Декларация кулачного патриотизма вызвала осуждение: «Как позволить себе, — возмущался Павлов, — в изящном произведении, на сцене, — еще похвальное слово кулаку <…> Что за волшебный русский кулак, который лучше варяжской сабли? <…> Русский человек смышлен и не полезет на нож. <…> Уверять, что его и меч не рубит, и пуля не берет, что у него кулак стоит ваших мечей — смешно и больно. <…> где нашли вы это кулачное самохвальство, к которому привязываетесь, как к единственному источнику вашей поддельной народности?» [Павлов 1835: 283–285]. В защиту Загоскина высказался Надеждин:

    Отчего нам не хвалиться своим богатырством, драгоценным наследием удалых предков, когда француз не ступит шагу, чтобы не вскричать, оглянувшись на все стороны: «я француз, я родился бравым!» Недавно было у нас жестокое нападение на Загоскина, за то что он заставил русского погрозить кулаком варягу. Боже мой! как ухватились за этот бедный кулак! с каким жаром, с каким красноречием доказывали, что хвалиться кулаком и стыдно, и невежественно, и унизительно для нашего века, и позорно для нашего просвещения, одним словом — не европейски! Последнее точно правда: европейцу как хвалиться своим щедушным, крохотным кулачишком? Только русский владеет кулаком настоящим, кулаком comme il faut, идеалом кулака, если можно так выразиться. И, право, в этом кулаке нет ничего предосудительного, ничего низкого, ничего варварского, напротив очень много значения, силы, поэзии! Физическое могущество принадлежит также к достоинствам человеческой природы: оно есть основание героизма,  36 | 37  основание рыцарства, самых поэтических явлений в истории человечества. Правда, образованность вооружает кулак железом; но разве это изменяет сущность дела! На мои глаза, простой русской кулак благороднее стилета, который играет такую поэтическую роль в современной Италии, тем более негодной французской шпажонки осьмнадцатого столетия, которая обнажалась только для прикрытия разврата убийством, для восстановления чести преступлением. <…> если этот кулак основал самобытность великой империи, раздвинул ее на седьмую часть земного шара, отстоял мужественно от всех врагов, сразил всемогущего исполина, заколдованного от всех пуль, от всех штыков, от всех ядер просвещенной Европы — то честь и хвала ему! <…> Да и что такое <…> Европа? <…> наше отечество, по своей беспредельной обширности, простирающейся чрез целые три части света, по своему физическому разнообразию, заключающему в себе и ледяные тундры Лапландии и знойное небо Колхиды, по разнообразию своих жителей <…> наше отечество, говорю, имеет полное право быть особенною, самобытною, самостоятельною частью вселенной. Ему ли считать для себя честью быть примкнутым к Европе, к этой частичке земли, которой не достанет на иную из его губерний? [Надеждин 1972: 442–443]

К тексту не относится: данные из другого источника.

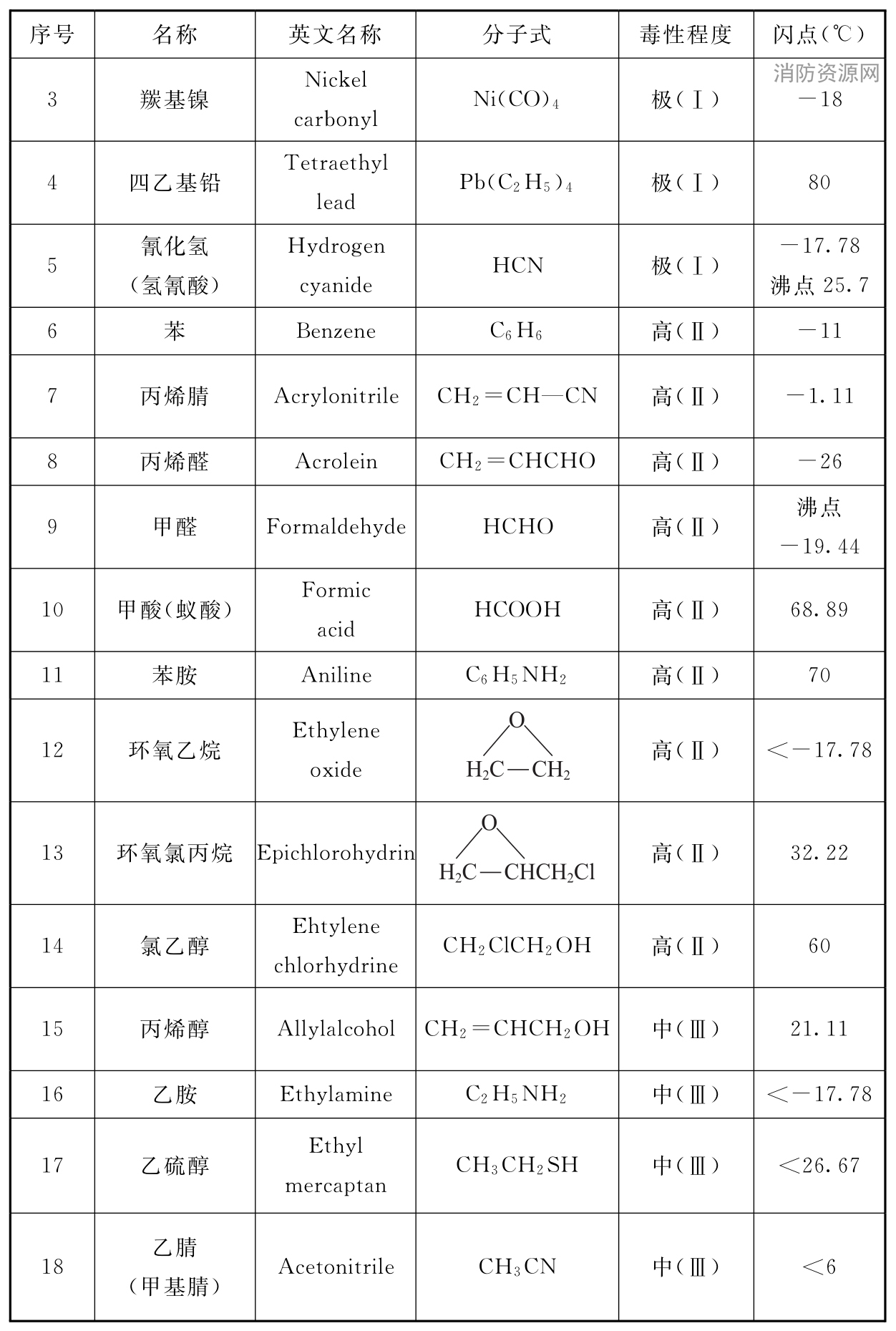 表2 常见易燃和可燃有毒液体毒性程度举例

Надеждин, собственно, повторил вечный постулат «русской идеи» — о высокой эффективности низких технологий — и предъявил козырную карту поборников этой идеологии — географическую. С западнических позиций ему возражал Белинский: «…кулак, равно как и дубина, есть орудие дикого, орудие невежды, орудие человека грубого в своей жизни, грубого в своих понятиях; кулак требует одной животной силы, одного животного остервенения — и больше ничего. Шпага, штык и пуля суть орудия человека образованного, они предполагают искусство, учение, методу, следовательно, зависимость от идеи. Зверь сражается и когтем и зубом, естественными его орудиями; кулак есть тоже естественное орудие зверя-человека; человек общественный сражается орудием, которое создает себе сам, но которого не имеет от природы. Если ж бывают бесславные удары стилетом из-за угла, если были бесчестные удары негодной шпажонки восьмнадцатого века, — это ничего не доказывает: бывают бесчестные удары и кулаком,  37 | 38  из-за угла, в темную ночь, в глухом переулке» [Белинский: II, 164–165].

На этом дискуссия о кулаке завершилась [Серман: 120]9, перейдя в фазу перебранки10, которую Надеждин иронически описал в виде дуэли: своего оппонента Павлова он вывел «благородным инкрояблем» (incroyable), «настоящим кавалером XVIII века», верным «манере изящного, балетного фехтованья», о себе же сообщил, что «не учился позициям, не умеет рисовать в воздухе красивых кругов деревянной рапирой», а владеет только «плебейским оружием мыслительности» [Надеждин 1936: 272]. О преимуществах плебея перед щеголем читатель Надеждина уже был осведомлен.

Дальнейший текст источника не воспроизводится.